The billionaire investor has long stressed investing in “high-quality companies trading at reasonable valuations” but doesn’t lose sight of “their prospective growth.”
With that as a backdrop, let’s look at two stocks Loeb bought in the second quarter.
1. Apple
Third Point’s largest new position during the second quarter, by a fair margin, was Apple (NASDAQ: AAPL). Loeb bought 1.95 million shares of Apple worth roughly $411 million and representing nearly 5% of Third Point’s portfolio, making it his seventh largest stake.
Loeb addressed the acquisition at length in Third Point’s shareholder letter, noting he purchased Apple shares in April. A quick look at the stock chart reveals that the stock was selling for 26 times earnings, a discount to a multiple of 27 for the S&P 500 at the time. Indeed, Loeb noted Apple’s “relative multiple had compressed toward a multi-year low,” thanks in part to “several years of stagnant growth.”
The compelling valuation aside, Loeb cited several factors that made Apple an intriguing pick, including the company’s ecosystem of 2.2 billion active devices and market-leading positions in several form factors across numerous key markets.
He also noted investor fears that Apple would be an “artificial intelligence (AI) loser,” but the billionaire came to a different conclusion. Loeb believes the imminent release of Apple Intelligence — a host of user features steeped in generative AI — will drive “meaningful demand within Apple’s installed base.” He went on to posit this “AI-related demand could drive a step change in improvement in Apple’s revenue and earnings over the next few years.”
I think Loeb’s thesis is right on the mark. Apple’s revenue is up less than 1% for the first nine months of its 2024 fiscal year after falling 3% in fiscal 2023, thanks to weak iPhone sales. However, inflation fell to 2.9% in July, marking its lowest rate in three years. Improving prices will give consumers more discretionary income. Furthermore, Apple announced the date for its annual iPhone reveal, scheduled for Sept. 9, when the company is expected to provide details for an AI-powered iPhone. This will no doubt spark demand among the Apple faithful, fueling a booming upgrade cycle for the iPhone 16.

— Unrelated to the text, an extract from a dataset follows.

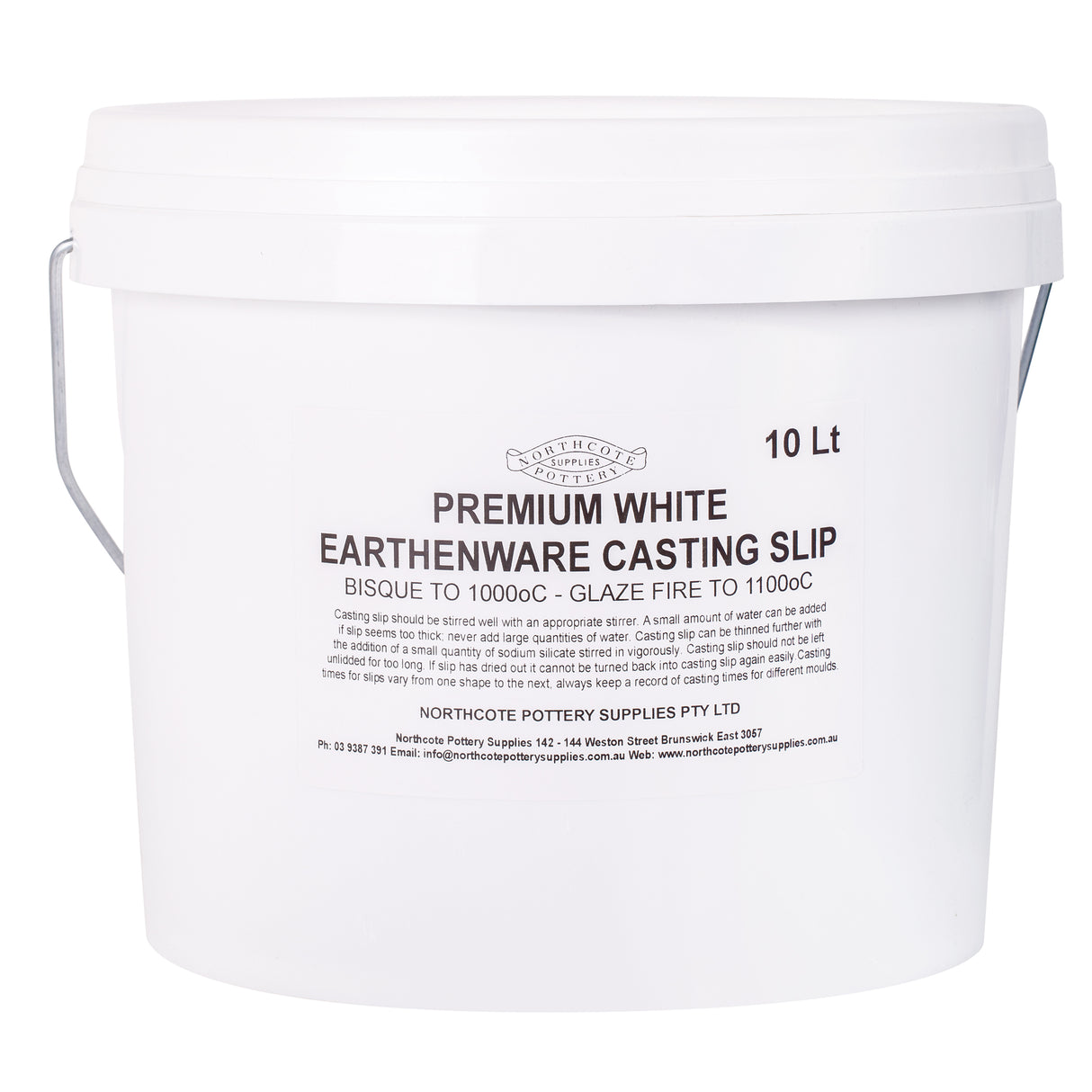 Northcote Earthenware Slip 10L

2. Taiwan Semiconductor Manufacturing
Third Point significantly increased its stake in Taiwan Semiconductor Manufacturing (NYSE: TSM), often referred to as TSMC, during the second quarter. Loeb bought an additional 850,000 shares of TSMC, increasing his total holdings to 2 million shares worth roughly $352 million and representing 4% of Third Point’s portfolio, making it his 10th largest position.
Loeb has been consistently increasing Third Point’s stake in TSMC since initiating the position in May of 2023. He noted the company is coming off its “worst year since the Global Financial Crisis,” making it a compelling opportunity. Loeb believes the combination of cyclical recovery and strong demand for AI will drive “substantial earnings growth for the company.”
TSMC occupies a unique position in the industry, according to Loeb, with a market share of more than 90% for “leading-edge semiconductor manufacturing,” which includes the chips used for AI. While AI currently represents a “relatively small percentage” of TSMC’s sales, he sees TSMC’s “AI revenue growing by multiples in the coming years.”
I think Loeb has hit the nail on the head. TSMC’s dominant market share of high-end processors makes it an odds-on favorite to benefit from these secular tailwinds. Furthermore, after suffering declines of more than 3% last year, the smartphone market has rebounded in 2024, expected to notch growth of nearly 6%, accoring to data supplied by market intelligence firm IDC. As one of the leading providers of smartphone chips, this return to growth will also boost TSMC’s results.
In the second quarter, TSMC’s revenue jumped 40% year over year, while earnings per share climbed 36%. Management expects its growth streak to continue, guiding for revenue growth of 34% in the third quarter. It’s worth noting that TSMC tends to issue conservative guidance, so the results could well be better.
The adoption of AI continues to gain steam, and estimates about the ultimate size of the market continue to ratchet higher. While estimates vary, the market for generative AI is expected to be worth between $2.6 trillion and $4.4 trillion annually over the coming decade, according to global management consulting firm McKinsey & Company.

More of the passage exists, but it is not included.